__TASK STATEMENT__. Show each line in the listing below that contains the word "Earrings".

(SUPPLIED DATA)

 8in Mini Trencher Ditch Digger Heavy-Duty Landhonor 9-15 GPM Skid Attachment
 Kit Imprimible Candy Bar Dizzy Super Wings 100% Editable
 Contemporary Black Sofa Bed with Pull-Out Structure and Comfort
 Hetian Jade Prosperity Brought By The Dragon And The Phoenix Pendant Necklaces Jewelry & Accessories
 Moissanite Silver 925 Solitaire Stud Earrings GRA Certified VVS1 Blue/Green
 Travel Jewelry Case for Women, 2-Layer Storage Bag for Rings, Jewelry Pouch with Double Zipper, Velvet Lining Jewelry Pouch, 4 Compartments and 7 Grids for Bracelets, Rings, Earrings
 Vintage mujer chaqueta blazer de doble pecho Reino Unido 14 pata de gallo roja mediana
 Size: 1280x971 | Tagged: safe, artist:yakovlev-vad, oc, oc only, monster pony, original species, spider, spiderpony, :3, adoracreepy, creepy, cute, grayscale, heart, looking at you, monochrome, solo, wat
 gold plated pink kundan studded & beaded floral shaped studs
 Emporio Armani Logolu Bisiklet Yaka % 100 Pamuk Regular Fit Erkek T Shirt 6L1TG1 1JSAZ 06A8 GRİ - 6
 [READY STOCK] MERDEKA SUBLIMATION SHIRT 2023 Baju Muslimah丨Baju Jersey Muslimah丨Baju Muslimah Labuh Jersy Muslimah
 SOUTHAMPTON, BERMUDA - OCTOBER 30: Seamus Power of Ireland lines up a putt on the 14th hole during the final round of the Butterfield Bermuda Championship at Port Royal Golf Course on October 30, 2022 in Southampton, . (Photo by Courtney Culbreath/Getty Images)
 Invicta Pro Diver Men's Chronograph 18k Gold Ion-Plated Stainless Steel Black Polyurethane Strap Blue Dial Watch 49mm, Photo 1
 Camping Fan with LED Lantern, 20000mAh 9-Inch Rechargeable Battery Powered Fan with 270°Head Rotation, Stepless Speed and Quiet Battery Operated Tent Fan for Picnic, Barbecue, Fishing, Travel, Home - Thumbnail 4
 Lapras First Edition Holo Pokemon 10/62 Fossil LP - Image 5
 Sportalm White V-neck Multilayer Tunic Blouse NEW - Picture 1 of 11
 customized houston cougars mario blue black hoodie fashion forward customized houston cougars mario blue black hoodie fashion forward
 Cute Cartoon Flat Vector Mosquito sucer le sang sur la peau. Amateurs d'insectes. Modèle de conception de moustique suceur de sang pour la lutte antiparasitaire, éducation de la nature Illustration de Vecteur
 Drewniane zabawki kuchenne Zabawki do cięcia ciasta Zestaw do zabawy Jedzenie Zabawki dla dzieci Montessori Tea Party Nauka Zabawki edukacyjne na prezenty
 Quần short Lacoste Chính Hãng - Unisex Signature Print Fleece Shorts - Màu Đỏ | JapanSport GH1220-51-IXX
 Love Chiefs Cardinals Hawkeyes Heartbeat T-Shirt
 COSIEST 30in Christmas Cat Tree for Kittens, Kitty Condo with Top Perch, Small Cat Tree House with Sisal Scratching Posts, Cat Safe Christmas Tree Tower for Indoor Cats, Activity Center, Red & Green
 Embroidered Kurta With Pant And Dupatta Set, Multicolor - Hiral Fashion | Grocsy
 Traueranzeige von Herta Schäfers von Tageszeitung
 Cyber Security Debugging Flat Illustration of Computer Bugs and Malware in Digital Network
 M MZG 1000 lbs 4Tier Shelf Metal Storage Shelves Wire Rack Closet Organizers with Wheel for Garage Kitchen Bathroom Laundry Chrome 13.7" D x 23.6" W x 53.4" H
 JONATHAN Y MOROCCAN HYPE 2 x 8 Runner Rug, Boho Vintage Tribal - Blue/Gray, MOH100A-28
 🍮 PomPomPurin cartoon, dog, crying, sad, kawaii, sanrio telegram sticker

(End SUPPLIED DATA)

__TASK RESULT__.
 Moissanite Silver 925 Solitaire Stud Earrings GRA Certified VVS1 Blue/Green
 Travel Jewelry Case for Women, 2-Layer Storage Bag for Rings, Jewelry Pouch with Double Zipper, Velvet Lining Jewelry Pouch, 4 Compartments and 7 Grids for Bracelets, Rings, Earrings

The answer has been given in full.